Cell counts for in vitro samples: Proliferating cells (Ki67+) and apoptotic cells (cleaved caspase 3+) were counted on histology slides prepared from in vitro samples. An Olympus BX61 light microscope with a 20× objective lens and equipped with an Olympus DP70 camera was used to take up to five pictures (hot spots) per sample (N=4, n≤5). ImageJ software (ImageJ 1.45; NIH) was used to analyze the images (manual counting) and the average of the counts/sample was used for statistical analysis.

Statistical analysis

A one-way analysis of variance with LSD post hoc was used to compare means between multiple groups, unless otherwise noted. Differences between means were considered statistically significant at p<0.05. Statistical analysis was performed with the SPSS Statistics software (IBM Corp.; version 20).

Results

Delivery of Del-1 through lentiviral transduction

The maps of the transfer vectors included in the lentiviral constructs are shown in Figure 1. The eGFP sequence was included in both Del-1 and control eGFP vectors to enable tracking of implanted HUVEC in vivo.

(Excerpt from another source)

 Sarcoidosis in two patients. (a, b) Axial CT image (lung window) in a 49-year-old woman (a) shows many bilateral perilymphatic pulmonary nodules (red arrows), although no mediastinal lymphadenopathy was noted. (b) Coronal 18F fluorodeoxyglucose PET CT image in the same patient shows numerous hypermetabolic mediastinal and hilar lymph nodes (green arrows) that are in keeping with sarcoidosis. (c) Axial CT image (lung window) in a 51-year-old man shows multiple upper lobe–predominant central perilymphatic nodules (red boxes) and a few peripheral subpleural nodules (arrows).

Modules coated with transduced HUVEC were analyzed by immunohistochemistry immediately after fabrication to confirm eGFP expression by both Del-1 HUVEC and eGFP HUVEC and also to confirm good coverage of the modules with the HUVEC before transplantation (Fig. 2). Qualitatively, the histology images indicated that all the EC (UEA-1+, CD31+) also expressed eGFP (GFP+). Additionally, good cell coverage was observed for both Del-1 HUVEC and eGFP HUVEC; thus, an equally high number of cells were transplanted in both cases.

FIG. 2.

FIG. 2.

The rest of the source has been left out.